- First light novel volume cover

白き帝国
- Genre: Fantasy, military
- Written by: Koroku Inumura
- Illustrated by: Kotarō
- Published by: Shogakukan
- Imprint: Gagaga Bunko
- Original run: February 19, 2024 – August 18, 2026
- Volumes: 8

= Shiroki Teikoku =

Japanese light novel series

Shiroki Teikoku (白き帝国) is a Japanese light novel series written by Koroku Inumura and illustrated by Kotarō. It was published in eight volumes under Shogakukan's Gagaga Bunko imprint from February 2024 to August 2026.

==Plot==
The series follows a war between various nations surrounding the Sea of Grapes. Among those involved are the Kingdom of Gattoland, a nation ruled by a tribe of cat-eared humans, and a group known as the Black Rose Knights. The first novel focuses on Toto Gattoland, a prince from Gottoland. One day, he encounters Artemisia, a human girl who had been taken hostage by a group known as the Black Rose Knights. The two immediately develop a connection; however, their relationship becomes complicated due to tensions between Gattoland's people and humans. Nevertheless, the two develop feelings for each other. The later novels focus on the events of the war that followed the destruction of Gattoland.

==Characters==

- Toto Gattoland (トト・ガトランド, Toto Gatorando)
A prince from the Kingdom of Gattoland, whose dream is to stop the fighting between the nations and to unite them under one peaceful nation, the White Country. He encounters Artemisia and the two develop feelings for each other, although their relationship is ultimately doomed. Despite being strong, he acts weak so that his older brother Gaga would get more attention from the people.
- Artemisia (アルテミシア, Arutemishia)
A human girl who was taken hostage by the Black Rose Knights. She later comes under the care of the Gattoland royal family and forms a relationship with Toto. She hoped to establish cordial relations between humans and the cat-eared tribe that ruled over Gattoland.
- Ruru Gattoland (ルル・ガトランド, Ruru Gatorando)
Toto's older sister and a princess of Gattoland. She has a cheerful personality and is popular among the kingdom's citizens. Due to her popularity and royal status, she has many suitors, though she has turned them down because she wants to live freely.
- Shushu Gattoland (シュシュ・ガトランド, Shushu Gatorando)
The oldest princess of Gattoland. She is blind and spends her time playing the lute and being secluded from others, as she does not want to be a burden to the royal family and the country.
- Gaga Gattoland (ガガ・ガトランド, Gaga Gatorando)
The oldest prince of Gattoland, who has a kind personality.
- Dada Gattoland VII (ダダ・ガトランド七世, Dada Gatorando Nanase)
The king of Gattoland, who developed it from a small nation to becoming a strong military power thanks to his military prowess. He is not close to his queen and has a large harem of concubines and hundreds of children.

==Publication==
The series is written by Koroku Inumura and features illustrations by Kotarō. It was published in eight volumes by Shogakukan under their Gagaga Bunko imprint from February 19, 2024, to August 18, 2026.

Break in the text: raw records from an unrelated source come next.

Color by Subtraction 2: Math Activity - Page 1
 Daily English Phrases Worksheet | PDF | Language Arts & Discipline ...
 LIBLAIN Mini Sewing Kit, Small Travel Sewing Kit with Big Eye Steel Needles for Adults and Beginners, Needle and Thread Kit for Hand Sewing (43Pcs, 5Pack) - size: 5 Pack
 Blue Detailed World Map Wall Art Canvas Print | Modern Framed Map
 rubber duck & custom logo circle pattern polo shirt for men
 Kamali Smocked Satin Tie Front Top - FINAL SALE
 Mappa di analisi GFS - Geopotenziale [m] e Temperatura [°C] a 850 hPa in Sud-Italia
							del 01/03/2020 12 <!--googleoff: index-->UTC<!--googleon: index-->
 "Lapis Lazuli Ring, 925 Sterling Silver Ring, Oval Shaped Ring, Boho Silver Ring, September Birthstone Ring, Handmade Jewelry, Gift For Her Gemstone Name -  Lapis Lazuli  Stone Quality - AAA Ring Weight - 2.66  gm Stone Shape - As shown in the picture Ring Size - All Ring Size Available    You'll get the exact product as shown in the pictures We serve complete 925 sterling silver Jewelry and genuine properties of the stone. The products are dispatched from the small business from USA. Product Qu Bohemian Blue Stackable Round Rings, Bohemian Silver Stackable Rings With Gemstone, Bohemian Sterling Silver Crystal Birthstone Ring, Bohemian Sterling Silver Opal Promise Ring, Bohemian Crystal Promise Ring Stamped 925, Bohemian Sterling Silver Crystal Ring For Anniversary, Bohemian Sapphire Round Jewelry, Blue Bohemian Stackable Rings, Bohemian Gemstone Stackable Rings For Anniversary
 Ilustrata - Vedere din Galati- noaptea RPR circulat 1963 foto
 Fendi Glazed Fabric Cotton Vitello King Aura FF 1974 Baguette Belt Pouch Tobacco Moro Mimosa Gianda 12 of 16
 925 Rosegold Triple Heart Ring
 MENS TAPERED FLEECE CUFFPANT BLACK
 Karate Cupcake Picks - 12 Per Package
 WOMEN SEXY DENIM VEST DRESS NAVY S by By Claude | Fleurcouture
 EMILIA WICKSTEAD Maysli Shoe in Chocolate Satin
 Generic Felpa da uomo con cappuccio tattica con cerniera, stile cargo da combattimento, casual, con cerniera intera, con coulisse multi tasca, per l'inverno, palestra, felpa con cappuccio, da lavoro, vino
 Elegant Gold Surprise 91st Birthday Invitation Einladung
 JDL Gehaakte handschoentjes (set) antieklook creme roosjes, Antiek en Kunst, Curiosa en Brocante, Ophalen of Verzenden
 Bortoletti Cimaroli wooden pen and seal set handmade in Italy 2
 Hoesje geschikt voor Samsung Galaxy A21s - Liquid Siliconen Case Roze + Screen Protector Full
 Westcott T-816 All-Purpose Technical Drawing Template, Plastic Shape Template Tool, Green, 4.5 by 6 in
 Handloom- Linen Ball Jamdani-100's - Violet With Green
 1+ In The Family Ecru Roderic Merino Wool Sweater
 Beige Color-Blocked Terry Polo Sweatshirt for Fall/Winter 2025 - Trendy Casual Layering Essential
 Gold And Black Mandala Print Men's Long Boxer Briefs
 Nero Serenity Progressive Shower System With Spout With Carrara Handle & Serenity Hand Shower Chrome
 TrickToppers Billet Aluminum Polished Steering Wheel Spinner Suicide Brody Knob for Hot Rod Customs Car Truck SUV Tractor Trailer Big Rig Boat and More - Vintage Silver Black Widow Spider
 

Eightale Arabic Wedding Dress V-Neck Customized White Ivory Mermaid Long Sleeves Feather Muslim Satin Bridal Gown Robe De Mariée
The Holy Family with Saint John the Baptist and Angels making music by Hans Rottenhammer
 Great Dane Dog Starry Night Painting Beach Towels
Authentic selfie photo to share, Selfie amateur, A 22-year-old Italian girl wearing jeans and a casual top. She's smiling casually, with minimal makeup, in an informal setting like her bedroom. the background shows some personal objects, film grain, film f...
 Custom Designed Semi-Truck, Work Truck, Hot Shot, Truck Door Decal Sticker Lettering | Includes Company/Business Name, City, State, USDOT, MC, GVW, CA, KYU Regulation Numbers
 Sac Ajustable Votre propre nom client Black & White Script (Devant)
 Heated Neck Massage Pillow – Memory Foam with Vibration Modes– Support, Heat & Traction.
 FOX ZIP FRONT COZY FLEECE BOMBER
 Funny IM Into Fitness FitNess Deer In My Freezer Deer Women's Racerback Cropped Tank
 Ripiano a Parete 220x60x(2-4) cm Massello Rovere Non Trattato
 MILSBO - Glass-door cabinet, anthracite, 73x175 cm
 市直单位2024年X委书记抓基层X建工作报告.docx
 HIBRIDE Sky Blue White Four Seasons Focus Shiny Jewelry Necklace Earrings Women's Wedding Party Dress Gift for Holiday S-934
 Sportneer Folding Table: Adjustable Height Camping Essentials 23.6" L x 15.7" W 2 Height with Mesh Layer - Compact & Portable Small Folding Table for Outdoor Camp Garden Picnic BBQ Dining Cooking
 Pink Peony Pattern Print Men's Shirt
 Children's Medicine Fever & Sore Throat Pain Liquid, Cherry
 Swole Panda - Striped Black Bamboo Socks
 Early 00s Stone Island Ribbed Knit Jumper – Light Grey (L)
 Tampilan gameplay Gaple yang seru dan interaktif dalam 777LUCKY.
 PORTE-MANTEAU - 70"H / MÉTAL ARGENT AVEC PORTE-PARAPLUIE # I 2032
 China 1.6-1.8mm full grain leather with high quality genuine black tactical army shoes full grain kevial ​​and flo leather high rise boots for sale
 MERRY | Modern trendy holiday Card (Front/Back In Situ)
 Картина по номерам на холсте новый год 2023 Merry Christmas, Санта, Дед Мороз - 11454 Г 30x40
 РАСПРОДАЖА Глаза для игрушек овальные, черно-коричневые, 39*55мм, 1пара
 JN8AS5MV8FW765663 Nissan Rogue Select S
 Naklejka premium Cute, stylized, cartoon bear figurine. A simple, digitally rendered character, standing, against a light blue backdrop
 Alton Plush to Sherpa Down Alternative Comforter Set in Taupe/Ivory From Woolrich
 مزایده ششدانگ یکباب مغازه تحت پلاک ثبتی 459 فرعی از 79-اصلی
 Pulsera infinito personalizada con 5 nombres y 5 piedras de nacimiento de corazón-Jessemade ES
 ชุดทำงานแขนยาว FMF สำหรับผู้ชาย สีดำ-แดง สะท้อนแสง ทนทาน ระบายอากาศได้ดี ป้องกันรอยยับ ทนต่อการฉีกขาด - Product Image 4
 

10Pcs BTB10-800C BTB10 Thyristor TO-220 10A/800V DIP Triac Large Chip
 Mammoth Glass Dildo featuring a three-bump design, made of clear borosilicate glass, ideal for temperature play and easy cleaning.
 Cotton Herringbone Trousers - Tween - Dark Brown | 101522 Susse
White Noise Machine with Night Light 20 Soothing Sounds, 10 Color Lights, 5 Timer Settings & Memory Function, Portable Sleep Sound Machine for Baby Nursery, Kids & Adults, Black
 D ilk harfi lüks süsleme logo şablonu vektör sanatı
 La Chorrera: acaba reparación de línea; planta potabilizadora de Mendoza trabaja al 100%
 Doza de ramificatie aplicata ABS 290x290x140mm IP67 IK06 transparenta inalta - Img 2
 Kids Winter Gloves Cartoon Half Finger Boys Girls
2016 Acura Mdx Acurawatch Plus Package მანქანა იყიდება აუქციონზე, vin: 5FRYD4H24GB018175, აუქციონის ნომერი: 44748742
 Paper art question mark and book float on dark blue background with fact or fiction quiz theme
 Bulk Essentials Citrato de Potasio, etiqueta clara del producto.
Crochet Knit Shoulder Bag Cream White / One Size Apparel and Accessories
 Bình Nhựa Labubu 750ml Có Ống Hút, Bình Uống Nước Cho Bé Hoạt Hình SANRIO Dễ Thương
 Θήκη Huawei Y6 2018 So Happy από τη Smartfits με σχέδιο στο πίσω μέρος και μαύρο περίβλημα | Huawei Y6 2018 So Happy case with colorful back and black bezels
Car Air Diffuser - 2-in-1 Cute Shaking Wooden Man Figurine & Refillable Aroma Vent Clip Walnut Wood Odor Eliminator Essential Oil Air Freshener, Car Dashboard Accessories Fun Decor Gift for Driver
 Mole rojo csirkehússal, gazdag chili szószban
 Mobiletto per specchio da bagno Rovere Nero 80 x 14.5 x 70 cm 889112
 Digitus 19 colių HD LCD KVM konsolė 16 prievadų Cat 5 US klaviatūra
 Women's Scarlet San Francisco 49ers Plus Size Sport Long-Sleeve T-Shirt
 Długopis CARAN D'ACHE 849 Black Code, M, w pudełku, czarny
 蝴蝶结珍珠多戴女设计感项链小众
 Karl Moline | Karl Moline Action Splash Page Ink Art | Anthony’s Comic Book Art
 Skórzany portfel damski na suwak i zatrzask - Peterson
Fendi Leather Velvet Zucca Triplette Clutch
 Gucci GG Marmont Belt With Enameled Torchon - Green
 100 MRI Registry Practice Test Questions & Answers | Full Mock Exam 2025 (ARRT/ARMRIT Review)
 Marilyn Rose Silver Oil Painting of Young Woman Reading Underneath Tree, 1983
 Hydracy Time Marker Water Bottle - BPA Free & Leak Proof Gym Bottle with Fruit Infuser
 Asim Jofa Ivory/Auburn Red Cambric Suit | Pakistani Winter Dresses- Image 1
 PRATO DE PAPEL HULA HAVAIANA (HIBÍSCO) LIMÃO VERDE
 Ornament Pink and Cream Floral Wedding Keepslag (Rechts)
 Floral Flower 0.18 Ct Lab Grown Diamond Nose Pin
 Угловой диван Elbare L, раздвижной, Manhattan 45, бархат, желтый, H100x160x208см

| No. | Release date | ISBN |
|---|---|---|
| 1 | February 19, 2024 | 978-4-09-453119-0 |
| 2 | July 18, 2024 | 978-4-09-453195-4 |
| 3 | January 20, 2025 | 978-4-09-453227-2 |
| 4 | May 19, 2025 | 978-4-09-453244-9 |
| 5 | August 20, 2025 | 978-4-09-453256-2 |
| 6 | December 18, 2025 | 978-4-09-453274-6 |
| 7 | July 17, 2026 | 978-4-09-453302-6 |
| 8 | August 18, 2026 | 978-4-09-453306-4 |

==Reception==
The series was nominated for the 2025 edition of Kono Light Novel ga Sugoi!, placing 6th in the paperback category.